There is a quagmire there anyway when the weather gets bad, the draining isn’t the best. Yes all those trucks and feet have churned it up, but it’ll recover I’m sure. There’s far more to moan about. I do love the smells and atmosphere of a fairground and I hope it was worth it for them.
I was knocked six this week by the death of Hairy Biker Dave Myers because we were friends. I wasn’t in his intimate circle by any stretch, but we would speak and message and the source of our friendship was that he listened to all my books on audio with his wife.
Six years ago he asked a novelist friend of mine, at their publisher’s party, if she knew me and when she said that she did, Dave recorded a video message to me saying that he had enjoyed all my books and ‘thought I was very funny’. It was charming and cheering because at the time I was low because I’d just had to say goodbye to my cat.
He sent me signed cookery books and tickets to go and see him and Si on stage and then stay on afterwards. So we did and even though I was pretty sure they’d be the same if a camera was on them or not (unlike others I’ve met) it was wonderful to have it confirmed. They sent me signed cookery books, I sent Dave codes for downloading my new books, but he never used them because he wanted to buy them – and he always preordered so they’d land on his device on the day they were released. Then he would contact me to tell me which bits he’d liked best. It was definitely one in the eye for the book snobs who think only an inferior demographic reads romantic fiction. Dave liked me and Lee Child, and why can’t you like both? Why do you have to stick to one genre?

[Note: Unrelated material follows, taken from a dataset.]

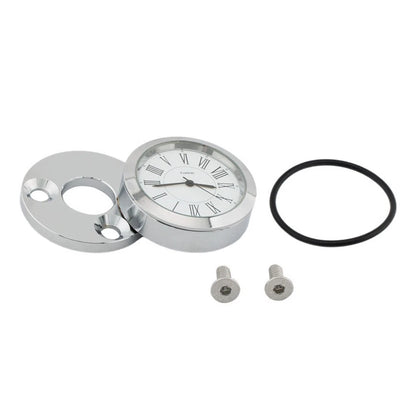 45mm Aluminum Front Fork Lock Clock Cover Chrome for Harley Road King (1994-2024)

People don’t in real life, it’s only the snobs that would have you believe they do. At one point Dave sent me out on a mission to take covert photos of a Barnsley mansion he fancied buying and I was delighted that he was thinking of living here. In the end he plumped for a gorgeous house in the next county and we were invited down to visit with a home-cooked Sunday dinner thrown in. We never got round to it because he wasn’t 100% and I told him to wait until he was. You always think you have more time, don’t you?
There’s a lesson learned. The Hairy Bikers combined the very ordinary with the extraordinary. We all loved their wit and down-to-earth approach and their genuine friendship as well as their passion and talent for cooking. I thought he was getting better. He told me he had hair growing back in places where it had never grown before and he’d had to go to the barbers for the first time since he was a teenager. I took that as a sign he was on the up, yet he wasn’t and I am gutted. What a wonderful man he was.